Step 1: Create Advanced Segments
For clients without hard and fast KPIs, I recommend tracking highly engaged visitors via Google Analytics custom segments. Google points us in the right direction with the built-in segment for Non-Bounce Visits. To go one step further, I also suggest creating two custom segments:
Engaged New Visits (click here to import)
Engaged Return Visits (click here to import)
The conditions for these advanced segments are as follows:
Unique Pageviews per session ? 2x the Non-Bounce site average
AND Visit Duration > 2x the Non-Bounce site average (in seconds)
AND Count of Visits ? / > 1
[AND For return visitors: Days since last visit ? 30]

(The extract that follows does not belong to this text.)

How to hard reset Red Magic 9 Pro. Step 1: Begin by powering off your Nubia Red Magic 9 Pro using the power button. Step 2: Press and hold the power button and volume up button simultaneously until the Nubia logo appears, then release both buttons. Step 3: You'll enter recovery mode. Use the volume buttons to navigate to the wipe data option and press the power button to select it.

Depending on your site structure and content distribution, you may be more or less stringent in qualifying engaged users. For example, if you have fewer pages with rich, in-depth content, try longer time on site with fewer unique pageviews per session. Conversely, if you have lots of pages with less content per page, consider using more pages per visit.

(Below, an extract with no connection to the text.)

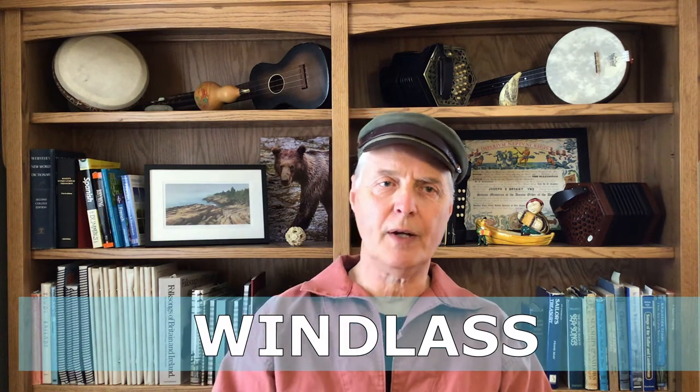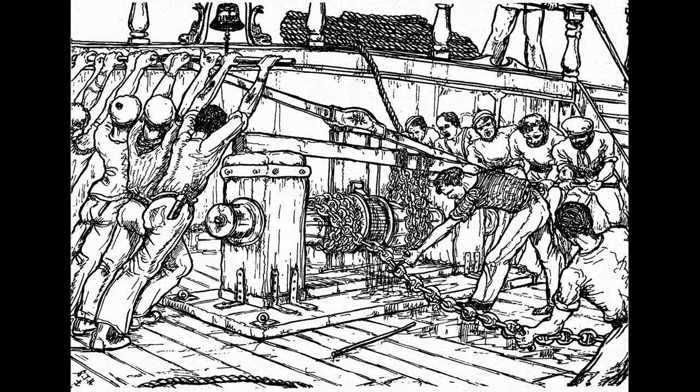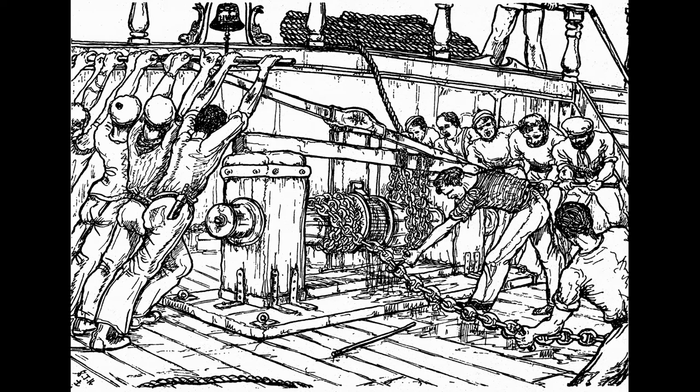The second machine that you'd sing a heaving song to is the windlass. This is a kind of winch with a horizontal axle, parallel to the deck. It was used to raise the anchor, move heavy spars around on the ship, bring the ship closer to the dock, things like that. This was another teeter-tottery motion with wooden handles called brakes — and there's a little contradiction, because the men would say 'we've got to heave on the brakes,' when heaving on the brakes was what made the windlass go. Sailors are full of contradictions like that.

Be careful when creating your conditions, as some visitor dimensions will limit your date range to 90 days.
For even better insight, add conditions to your segments for visits with certain events or interactions on your site that represent strong engagement, like downloading content, filling out forms or watching videos.
These two segments answer pivotal questions for non-ecommerce/SaaS sites:
- Are we growing the number of visitors that find value from our website?
- Are they coming back?
Step 2: Isolate & Decipher Your Segments
Since these subsets of traffic are probably a small fraction of overall web traffic, I recommend separating them from the default All Visits to easily pinpoint trends. Then, by viewing just one or two native reports in Google Analytics, these two segments will highlight which campaigns, sources, media or keywords are driving these engaged visitors.

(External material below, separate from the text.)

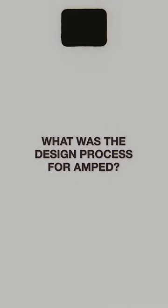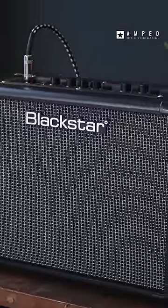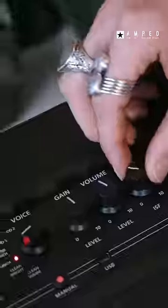When we were brainstorming the ideas, we usually start with a whiteboard. Once we've identified a market requirement, we'll get the products team together on a blank whiteboard. We wanted to use our existing digital platform, which we've used since the ID series, Silver Line, and ID Core, and we already have a lot of expertise in valve and solid state power amps.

In the screenshot above, we can see several spikes in both engaged new visitors and return visitors. Sometimes, they coincide with one another.
For most websites, a suitable goal would be to steadily grow both of these segments over time. But be careful and keep an eye out for which content these users are viewing. For example, if a visitor comes to your site and spends a significant amount of time browsing your support forums, consider revising your conditions on these segments.
We like to use the engaged new visitors group to see if first-touch campaigns are targeting new visitors with relevant content. Maybe organic traffic provides engaged new visitors but our paid search campaign struggles. We would then look for ways to restructure our keyword bidding and placement strategy. Similarly, we look at engaged return visitors for some of our retargeting partners, as well as our own campaigns like email marketing.
Step 3: Track Meaningful KPIs
Now we can report meaningful indicators of success. Circling back to the tradition of month-over-month reporting, we can now track the period change of the raw number of these highly engaged visitors as well as their share of our overall traffic.
We then elect to use these new soft conversion goals in our reporting for clients. Even though Google Analytics limits engagement goals to one condition (for example, a marketer can qualify a goal by time on site or pages per visit, but not a combination of both) we can do a few extra calculations and understand these soft conversion rates per medium, source or campaign.
Here’s a screenshot from a dashboard: you can see in the two months after a website redesign, we saw a 33% decrease in traffic. But engaged visitors nearly grew to be nearly 17% of total visits compared to only 8.5% before the redesign.
If you want to try these segments out in your own reporting, be sure to import them from the Google Analytics Solutions Gallery, which is loaded with other users’ workarounds like custom reports and dashboards.